Subsídio pela hora da morte
Por Antunes Ferreira
SOMOS UM PAÍS DE MARINHEIROS – subsidiados. Dizem que desde o Dom Fuas Roupinho. Será? Pelo menos, Henrique o Navegador sabia da poda. Afirmam os entendidos nestas coisas que a subsídio-dependência é um factor que enforma o quotidiano dos Portugueses que, de tão habituados, já consideram o acto de subsidiar como uma obrigação. O subsídio tornou-se, assim, obrigatório e faz parte de nós. E, além de enriquecer o bolso, também enriquece o ego. Um destes dias, quando entrar em funcionamento o tão falado e prometido documento único, no respectivo chip deverá existir uma alínea para especificar o subsídio de cada cidadão.
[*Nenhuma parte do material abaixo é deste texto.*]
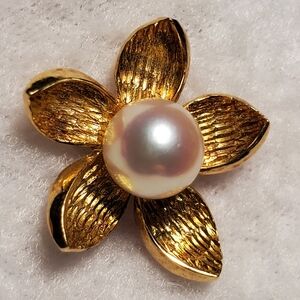 14K YG Flower Earrings w/ 6mm Pink Akoya Japanese Cultured Pearls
Tornou-se um émulo do padre-nosso, se não mesmo vencedor na comparação ou na compita. Ou não é já santificado? Santificado, o subsídio. Ou não se deseja que nos seja dado o nosso de cada dia? Nosso, o subsídio. Ou não estará já santificado? Santificado, o subsídio. Sem passar, sequer, pela beatice, isto é um intermédio de andamento, para o caso verdadeiramente despiciendo. Ou não se aspira a que venha o nós o reino dele? Dele, do subsídio. E não se deseja que seja feita a sua vontade? Vontade, dele, subsídio. Obviamente.
Além do mais, os candidatos a subsidiados não pedem, exigem. Trata-se de um direito adquirido, expressão que me causa sempre uns certos engulhos, porque não sei bem como se processa tal aquisição. Por compra? Por doação? Por herança? Por outorga? Mas, é também um direito humano, coisa inultrapassável, ainda que um tanto repetitiva de tão citada. Nada de mão estendida, pois; nada de requerimento em papel selado, que, aliás, já nem há; nada de abaixo-assinado, de tantos, já nem se lhes liga, não se os lê, quanto mais assiná-los.
Há-os de todas as qualidades, para todas as cores, em quantidades – é o que se sabe. Para arrancar vinhas; para plantar novas vinhas, o néctar está a dar, nunca houve tantos rótulos, que nascem como cogumelos, naturalmente não espontâneos. Para construir uma fábrica; para não a encerrar, a deslocalização é tramada, há que manter a unidade industrial dita produtiva. Para um pavilhão desportivo; para patrocinar os desportos que nele se praticam, até no futebol eles acontecem, veja-se o que se passa na Madeira.
Na passada semana, o Jornal do Fundão, símbolo e bandeira desde há muitos anos da imprensa regional (António Paulouro o deu à luz em 1946), publicou uma curiosa reportagem sobre o negócio das agências funerárias. Que tem de ser bom, tal o número que existe entre nós. É, na realidade, mais do que bom: é óptimo. De acordo com o texto, movimenta qualquer coisa como 400 milhões de euros por ano.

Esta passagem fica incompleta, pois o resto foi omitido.